Potential policy responses that have been discussed publicly include:

  • A dedicated EV category (Cat F): separate quota, separate bidding. This would relieve pressure on Cat A but could fragment the market and create new distortions
  • Supplementary EV quota: adding extra certificates specifically for electric vehicle registrations, on top of existing Cat A quota. This preserves the category structure while expanding supply
  • Adjusting the power threshold: raising Cat A's 130bhp limit to, say, 150bhp or 180bhp, pushing more EVs into Cat B and rebalancing demand. The risk is that it merely shifts the pressure to Cat B
  • OMV-based categories: replacing engine-spec thresholds with price-based ones, which would more cleanly separate economy and premium vehicles regardless of powertrain

The LTA Category Review

In March 2026, LTA announced a formal review of the COE category structure—the first comprehensive reassessment since the categories were last adjusted. While the review's scope and timeline remain vague, the announcement itself signals that the government recognises the current framework is under strain.

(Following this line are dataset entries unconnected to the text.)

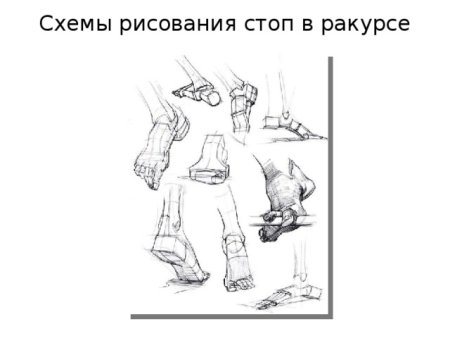 Стопа схема рисунок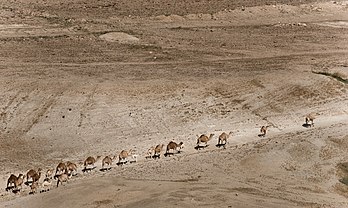 Troupeau de dromadaires dans la vallée du Jourdain. (définition réelle 3 666 × 2 195)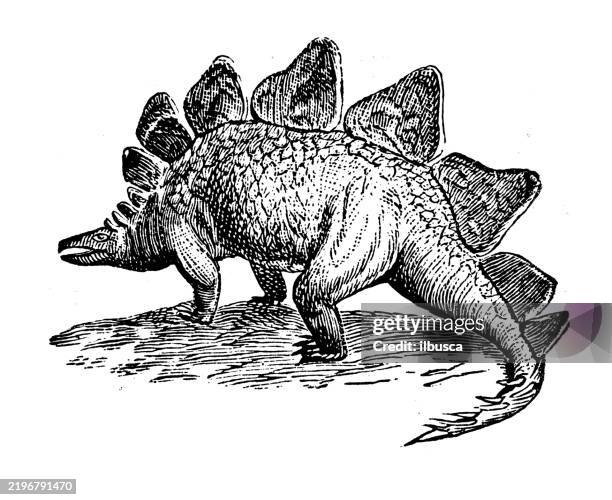 stockillustraties, clipart, cartoons en iconen met stegosaurus ungulatus - stegosaurus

Any structural change would have significant market implications. If a new EV category is created, Cat A premiums could drop substantially as a large chunk of demand is redirected. Conversely, the new EV category might see very high premiums if quotas are set conservatively. Buyers considering a purchase in the next 12–18 months should monitor this review closely via the LTA website and industry publications like Motorist.sg.

Looking Ahead: The New Normal

The EV transformation of Cat A is not reversible. Battery costs continue to fall, Chinese manufacturers continue to scale, and consumer acceptance of electric vehicles continues to grow. The 45.6% share in Cat A will likely become 50%, then 60%, then the clear majority within the next few years.

For prospective car buyers, the practical implications are:

  • Budget higher for Cat A COE: premiums above $100,000 are the new baseline, not an anomaly. Plan your finances accordingly
  • Seriously evaluate EVs: if you have convenient charging access, the total cost of ownership for a Cat A EV is often lower than an equivalent ICE vehicle despite higher purchase prices. Run the numbers with our Total Cost Calculator
  • Monitor policy changes: the LTA category review could reshape the market. Set up COE price alerts and bookmark our trends page to stay informed
  • Consider the Cat B option: with the Cat A/B gap at just $3,678, Cat B may offer better value than at any point in history. A slightly larger or more powerful vehicle for a minimal COE premium difference is worth evaluating
  • Think about timing: our price prediction tool can help you gauge whether the market is trending up or down. The EV-driven structural floor on Cat A premiums means dramatic drops are unlikely, but month-to-month fluctuations still offer windows of opportunity

The age of electric vehicles in Singapore's COE system has arrived. Whether you embrace it by buying an EV, navigate around it by shifting to Cat B, or simply budget for higher Cat A premiums, the key is to make the decision with clear-eyed data—not assumptions from an era that has already passed.